AS NIGHT FALL BY

Arisyifa Siregar
Chapter #3

3. Alasan untuk tak jatuh cinta

Julian melirik Tria lagi, sahabatnya itu sejak tadi sibuk bersandar sambil termenung. Kaki kanannya dilipat di atas kaki kiri, sementara tangannya memain-mainkan gagang lolipop di mulutnya. Sudah beberapa menit Tria masih di posisi yang sama, matanya menatap kosong permukaan meja di depannya. Terlalu sibuk melamun sampai tak sadar kalau ponsel di sakunya sejak tadi bergetar terus menerus.

“Dan!” panggil Julian dengan panggilan yang sering digunakan oleh teman-teman sekolahnya. Hanya keluarga dan orang-orang sekitar rumahnya yang memanggilnya Tria. Di luar lingkungan itu ia lebih dikenal dengan nama belakangnya, Danie. “Lu gak sadar dari tadi hape lu bunyi terus?” Tegurnya.

“Em.” Dehem Tria. “Sadar.” Sahutnya sambil masih termenung dengan posisi tubuh tak bergerak sejengkal pun.

Dahi Julian berkerut. “Lu….” ucapnya sambil menduga-duga. “Lu putus sama Shanin?”

Tak mengeluarkan suara apa-apa dari mulutnya, Tria hanya menghentakkan kedua alisnya bersamaan. Bersikap acuh tak acuh seperti biasa jika Julian sudah mulai memancing pembicaraannya ke ceramah tentang bagaimana seharusnya ia memperlakukan wanita.

“Lu mah, ampun deh!” Julian mulai mengucapkan kata-kata pembuka dari rentetan keluhannya di beberapa menit kedepan tentang sikap Tria.

“Udah lah!” Tria menurunkan kaki kanannya dan mengeluarkan lollipop dari mulutnya. Dia sedang tak mood mendengar omelan Julian. Pikirannya sedang fokus ke hal lain yang selalu mengganggunya beberapa waktu belakangan.

“Ya tapi!” Julian berhenti bicara dan menghela nafasnya. Ia bergeleng tak habis pikir, lalu menyandarkan punggungnya di kursi. “Sampai kapan lu mau kayak gini?”

Separuh wajah Tria menekuk, ia melirik Julian dengan sinis, tak suka dengan ucapannya barusan. “Emang salah gue sebenernya apa sih?” Ia mulai melawan balik setelah puluhan kali menerima penghakiman dari Julian. “Mereka deketin gue, mau jadi pacar gue, ya gue terima, terus tiba-tiba mereka minta putus, ya gue iyain. Salah gue apa?” Ia mengangkat kedua telapak tangannya menghadap ke udara sambil mengedikkan bahu.

“Ckckckck!” decak Julian. “Lu aja gak hafal nama pacar lu sendiri! Cewek mana yang gak ngamuk kalau pacaran tapi cowoknya gak tau namanya!” Ia gagal untuk tak ceramah hari ini.

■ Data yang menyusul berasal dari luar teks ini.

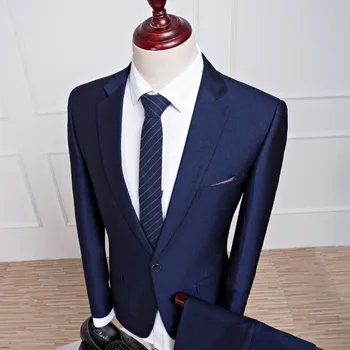 Naujas Royal Blue Paprastas Kostiumas, Dviejų Dalių Rinkiniai Britų Džentelmenas Verslo Socialinės Laisvalaikio Kostiumas Mados Slim Jaunikis Vestuvių Oficialų Suknelė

“Ya, ya,” Tria tak bisa mendebat. Memang betul setiap cewek di sekolah atau cewek mana pun yang mendekatinya dan bilang menyukainya, memberanikan diri memintanya untuk jadi pacarnya, selalu ia terima. Meski dia tak tahu siapa namanya, kelas berapa, dan bahkan dimana sekolahnya. “Ya mereka mirip semua.” Lontarnya beralasan.

Julian menyeringai kesal. “Lu kayak gini gara-gara gak bisa ngelupain Bu Jessica, kan?” Tunjuknya.

Bibir Tria mengerucut sebal. “Nggak!” sanggahnya setengah berdusta. Memang benar ia belum pernah merasakan perasaan suka lagi seperti yang ia rasakan terhadap guru magang di sekolahnya dua tahun lalu, Jessica. Tapi bukan itu alasannya dia bertindak murah dengan hatinya sendiri ke setiap wanita yang mendekatinya.

“Gue kan cuma ngasih yang mereka butuh, mereka butuh gue jadi pacarnya, ya gue kasih. Mereka butuhnya putus sama gue, ya gue kasih.”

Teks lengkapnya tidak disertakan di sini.